Государь встал на царское место, обнажил голову, степенно перекрестился, и дородный батюшка начал громким басом читать молитву. Литургия началась.
Я скорее стоял и ждал, машинально повторяя за всеми, осенял себя крестным знамением в нужных местах, больше поглядывая на царя и его супругу, нежели на священников и пономарей. Спасение души меня не особо заботило, а вот спасение царицы и государства — очень даже.
Вместо молитв я бормотал имена. Все, какие только мог вспомнить. Боярин Лисицын. Боярин Зубов. Князь Андрей Курбский. Отец Сильвестр. Алексей Адашев. Шуйские. Бельские. Старицкие. Доказательств вины у меня не имелось, только догадки, обрывки информации и послезнание. Но я верил, что сумею вывести на чистую воду хоть кого-то из них. Пока что все эти люди считались верными слугами царя.
Стоять всё богослужение в духоте и тесноте оказалось не так просто, как я ожидал. Даже меня, молодого и здорового, подкосило недостатком кислорода. Представляю, как это действует на каких-нибудь юных и хрупких впечатлительных барышень.
Протиснуться к царю мне не удалось, слишком уж плотно стоял народ, а распихивать знатных бояр локтями, словно школьников в очереди за пиццей, как-то совсем перебор.
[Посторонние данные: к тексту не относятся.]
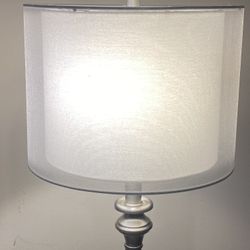 Euro Design Modern Table Lamp With Double Layer White Sheer Lampshade H26"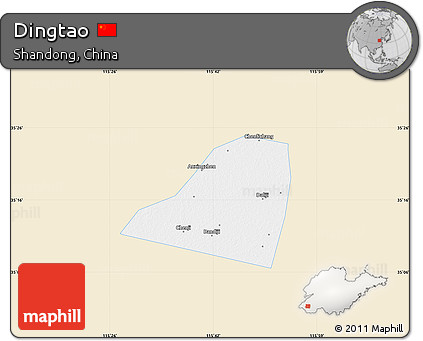 Classic Style Map of Dingtao, single color outside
Оскорбления тут смывают кровью. Поэтому я стал тихонько пробираться к выходу, сразу после того, как подошёл к причастию.
И хоть литургия ещё не кончилась, я вышел на свежий воздух, чувствуя как кружится голова. Не от кагора, а от кислородного голодания. Я надел тафью на голову, хотя заметил, что некоторые бояре даже в церкви её не снимали, вовсе не считая за головной убор. Прошёлся немного вокруг собора. Может, попытаться перехватить Ивана на выходе? На каменном крылечке как раз начинали снова занимать свои места нищие. Упасть в ноги царю, мол, вели слово молвить. Идея мне не нравилась, но ничего лучше изобрести за такое короткое время я не мог.
Не писать же челобитные, в самом деле. Всё равно они идут через Челобитный приказ, то есть, через Алексея Адашева. Боярин Адашев же себе на уме, и не пропустит челобитную, которая потенциально может навредить ему самому или кому-то из его друзей и знакомых.
Жаль, что у меня при дворе нет ни одного знакомого. Было бы гораздо проще. Блат он и в Африке блат.
Мой взгляд снова упал на нищих, которые негромко переговаривались меж собой, смеялись и шутили, пока основная масса прихожан не начала выходить из храма. Тогда-то и начнутся плач и стенания, чтобы разжалобить сердобольных тёток. Государь мог бы поверить одному из них, юродивому, Божьему человеку. Однако посвящать кого попало в тайны московского двора лучше не стоит. А самому одеваться попрошайкой, чтобы дорваться до Ивана Васильевича… Никиткино нутро начинало протестовать при одной только мысли об этом. Да и я подобный маскарад не приветствовал. Если кто узнает, хлопот не оберёшься.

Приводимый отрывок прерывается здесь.